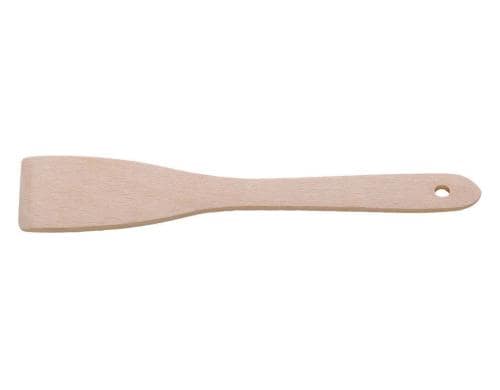 Zum Warenkorb hinzufügen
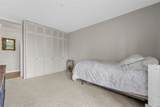 2222 1st Avenue - Photo 15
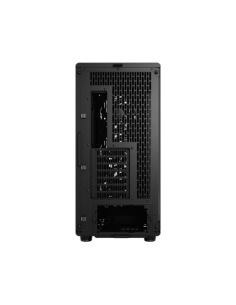FRACTAL CASE MID TOWER NORTH XL MOMENTUM 3x140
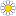 sankir.ru favicon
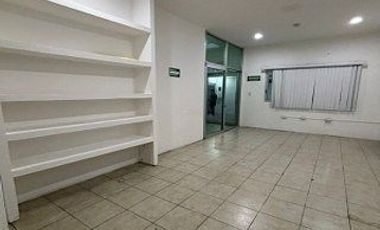 OFICINA EN RENTA, CIUDAD DEL CARMEN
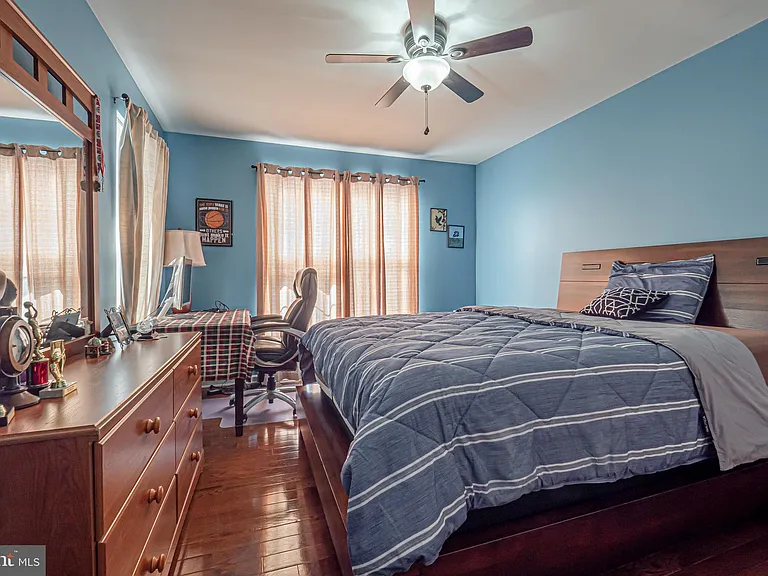 227 Birchwood Dr — Photo 13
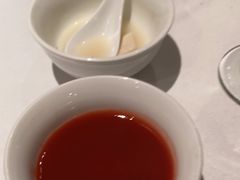 -花家怡园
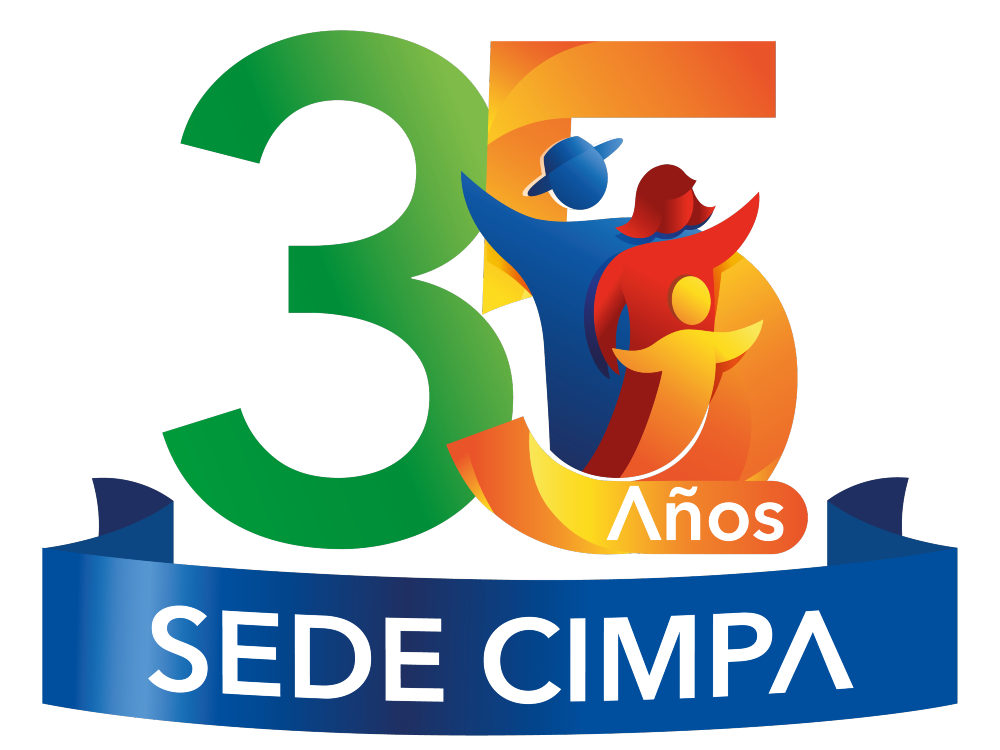 35 años de evolución y aportes de la sede Cimpa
====================
WORK REQUEST: Return the listing unchanged, but drop every picture.

THE COMPLETED TASK:
 Zum Warenkorb hinzufügen
 2222 1st Avenue - Photo 15
FRACTAL CASE MID TOWER NORTH XL MOMENTUM 3x140
 sankir.ru favicon
 OFICINA EN RENTA, CIUDAD DEL CARMEN
 227 Birchwood Dr — Photo 13
 -花家怡园
 35 años de evolución y aportes de la sede Cimpa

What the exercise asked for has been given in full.